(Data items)

· · · · · · ·

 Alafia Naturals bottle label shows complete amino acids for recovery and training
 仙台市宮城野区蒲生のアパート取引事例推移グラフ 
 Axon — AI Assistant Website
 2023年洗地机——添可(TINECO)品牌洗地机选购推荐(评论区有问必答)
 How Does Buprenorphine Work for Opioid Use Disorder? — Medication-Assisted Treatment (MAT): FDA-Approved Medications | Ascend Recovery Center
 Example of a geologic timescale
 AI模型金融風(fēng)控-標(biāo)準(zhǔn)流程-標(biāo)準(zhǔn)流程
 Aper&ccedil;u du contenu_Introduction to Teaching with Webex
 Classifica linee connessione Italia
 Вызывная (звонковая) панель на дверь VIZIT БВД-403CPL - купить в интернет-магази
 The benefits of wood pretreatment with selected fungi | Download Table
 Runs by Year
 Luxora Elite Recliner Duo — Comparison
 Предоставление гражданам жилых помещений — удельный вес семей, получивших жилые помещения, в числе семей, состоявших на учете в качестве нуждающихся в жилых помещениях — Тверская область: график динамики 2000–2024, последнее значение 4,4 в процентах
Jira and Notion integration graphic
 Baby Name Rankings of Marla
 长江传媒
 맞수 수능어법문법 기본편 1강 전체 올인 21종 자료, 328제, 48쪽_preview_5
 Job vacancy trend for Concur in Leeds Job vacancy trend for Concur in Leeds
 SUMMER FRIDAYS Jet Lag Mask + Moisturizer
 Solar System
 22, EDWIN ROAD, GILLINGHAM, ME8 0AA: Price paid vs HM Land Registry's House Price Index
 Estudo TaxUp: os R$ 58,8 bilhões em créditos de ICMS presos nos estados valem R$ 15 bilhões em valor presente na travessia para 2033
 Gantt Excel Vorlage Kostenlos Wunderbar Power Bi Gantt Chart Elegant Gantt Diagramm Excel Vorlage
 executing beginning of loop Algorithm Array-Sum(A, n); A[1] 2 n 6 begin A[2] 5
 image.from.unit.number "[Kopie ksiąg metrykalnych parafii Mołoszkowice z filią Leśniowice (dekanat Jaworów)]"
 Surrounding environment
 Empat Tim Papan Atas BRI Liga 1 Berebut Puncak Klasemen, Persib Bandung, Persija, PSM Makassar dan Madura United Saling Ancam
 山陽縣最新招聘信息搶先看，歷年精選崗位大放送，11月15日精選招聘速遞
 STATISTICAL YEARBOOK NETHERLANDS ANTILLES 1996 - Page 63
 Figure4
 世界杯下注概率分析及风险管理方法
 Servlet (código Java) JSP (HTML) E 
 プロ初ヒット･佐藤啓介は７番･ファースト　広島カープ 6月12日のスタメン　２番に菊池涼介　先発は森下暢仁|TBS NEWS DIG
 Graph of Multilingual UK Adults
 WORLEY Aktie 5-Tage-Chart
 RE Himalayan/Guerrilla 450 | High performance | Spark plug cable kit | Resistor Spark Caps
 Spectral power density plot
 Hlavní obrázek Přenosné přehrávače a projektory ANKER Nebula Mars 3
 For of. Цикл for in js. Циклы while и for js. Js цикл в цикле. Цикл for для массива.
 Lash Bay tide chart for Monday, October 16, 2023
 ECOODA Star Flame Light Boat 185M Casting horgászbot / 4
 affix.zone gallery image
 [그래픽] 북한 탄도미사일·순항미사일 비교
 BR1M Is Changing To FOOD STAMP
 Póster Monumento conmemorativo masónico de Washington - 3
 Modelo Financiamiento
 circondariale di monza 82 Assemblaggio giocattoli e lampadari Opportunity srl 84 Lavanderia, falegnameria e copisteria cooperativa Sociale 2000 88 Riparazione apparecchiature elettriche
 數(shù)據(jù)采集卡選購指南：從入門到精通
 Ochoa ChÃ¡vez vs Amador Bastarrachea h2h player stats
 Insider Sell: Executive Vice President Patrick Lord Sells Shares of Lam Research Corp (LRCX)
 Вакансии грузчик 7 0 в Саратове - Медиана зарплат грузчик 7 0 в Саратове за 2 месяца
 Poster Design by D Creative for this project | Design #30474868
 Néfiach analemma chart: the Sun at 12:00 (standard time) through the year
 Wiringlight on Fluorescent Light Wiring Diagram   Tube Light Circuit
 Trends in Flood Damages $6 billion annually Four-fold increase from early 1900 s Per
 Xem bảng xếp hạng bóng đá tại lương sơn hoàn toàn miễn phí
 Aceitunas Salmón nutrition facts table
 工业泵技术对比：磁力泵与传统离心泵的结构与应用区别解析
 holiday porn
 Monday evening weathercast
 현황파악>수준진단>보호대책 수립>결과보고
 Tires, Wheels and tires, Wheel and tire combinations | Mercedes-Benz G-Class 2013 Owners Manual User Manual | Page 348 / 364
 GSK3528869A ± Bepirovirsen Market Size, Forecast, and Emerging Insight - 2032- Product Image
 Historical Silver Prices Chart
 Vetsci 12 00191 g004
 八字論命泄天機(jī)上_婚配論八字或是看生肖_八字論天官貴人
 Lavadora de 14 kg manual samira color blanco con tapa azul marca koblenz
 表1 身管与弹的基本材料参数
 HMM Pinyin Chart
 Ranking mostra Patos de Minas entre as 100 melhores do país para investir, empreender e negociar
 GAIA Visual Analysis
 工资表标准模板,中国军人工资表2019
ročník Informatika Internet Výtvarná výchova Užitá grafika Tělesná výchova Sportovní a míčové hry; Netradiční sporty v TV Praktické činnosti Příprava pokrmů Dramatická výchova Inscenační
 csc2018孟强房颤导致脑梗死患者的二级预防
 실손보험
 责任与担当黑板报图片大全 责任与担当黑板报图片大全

· · · · · · ·

Each line holding the word "Light" must be copied from the data.

◆ Output for this exercise:
 ECOODA Star Flame Light Boat 185M Casting horgászbot / 4
 Wiringlight on Fluorescent Light Wiring Diagram   Tube Light Circuit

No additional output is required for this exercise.